In [ ]:
# Copyright 2019 Google Inc. All Rights Reserved.
#
# Licensed under the Apache License, Version 2.0 (the "License");
# you may not use this file except in compliance with the License.
# You may obtain a copy of the License at
#
#     http://www.apache.org/licenses/LICENSE-2.0
#
# Unless required by applicable law or agreed to in writing, software
# distributed under the License is distributed on an "AS IS" BASIS,
# WITHOUT WARRANTIES OR CONDITIONS OF ANY KIND, either express or implied.
# See the License for the specific language governing permissions and
# limitations under the License.

In [ ]:
# Install Pipeline SDK - This only needs to be ran once in the enviroment. 
!python3 -m pip install 'kfp>=0.1.31' --quiet

KubeFlow Pipelines - Container building

In this notebook, we will demo:

  • Buiding a container image to use as base image for component

Reference documentation:

Setup


In [ ]:

Create a python function


In [ ]:
def add(a: float, b: float) -> float:
    '''Calculates sum of two arguments'''
    
    print("Adding two values %s and %s" %(a, b))
    
    return a + b

Build a new container for and use is as the base image for components.

Build and push a new container image that includes some required packages. The packages are specified in the requirements.txt file in the working directory. Use the new container image as the base image for components. Create a new component from the above function.
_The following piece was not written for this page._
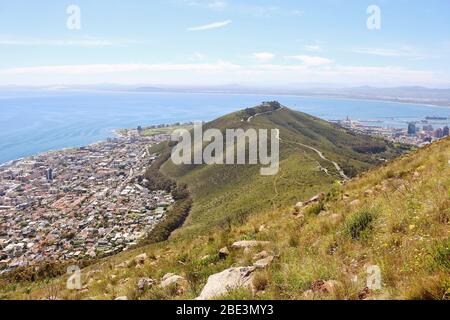Beautiful South African Coastline near Cape Town with Signal Hill and Atlantic Ocean. Photo taken from Lion's Head near Cape Town in South Africa. Stock Photo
The return value "add_op" represents a step that can be used directly in a pipeline function.


In [ ]:
from pathlib import Path
print(Path('requirements.txt').read_text())

In [ ]:
import kfp
from kfp.containers import build_image_from_working_dir
from kfp.components import func_to_container_op

In [ ]:
# Building and pushing new container image
image_with_packages = build_image_from_working_dir(
    #working_dir='.',                            # Optional. Default is the current directory
    #base_image='google/cloud-sdk:latest',       # Optional
    #image_name='gcr.io/my-org/my-image:latest', # Optional. Default is gcr.io/<project_id>/<notebook_id>/kfp_container
)

# Creating component while explicitly specifying the newly-built base image
add_op = func_to_container_op(add, base_image=image_with_packages)

In [ ]:
# You can also set up the image builder as default image so that it is always used by default
kfp.components.default_base_image_or_builder = build_image_from_working_dir

# Or is you want to customize the builder, you can use lambda:
kfp.components.default_base_image_or_builder = lambda: build_image_from_working_dir(base_image='google/cloud-sdk:latest')

# Now all python components will start using that container builder by default:
add_op2 = func_to_container_op(add)

Build a pipeline using this component


In [ ]:
import kfp.dsl as dsl
@dsl.pipeline(
   name='Calculation pipeline',
   description='A sample pipeline that performs arithmetic calculations.'
)
def calc_pipeline(
   a='1',
   b='7',
   c='17',
):
    #Passing pipeline parameter and a constant value as operation arguments
    add_task = add_op(a, b) #Returns a dsl.ContainerOp class instance. 
    
    #You can create explicit dependancy between the tasks using xyz_task.after(abc_task)
    add_2_task = add_op(b, c)
    
    add_3_task = add_op(add_task.output, add_2_task.output)

Submit the pipeline for execution


In [ ]:
arguments = {'a': '7', 'b': '8'}
kfp.Client().create_run_from_pipeline_func(pipeline_func=calc_pipeline, arguments=arguments)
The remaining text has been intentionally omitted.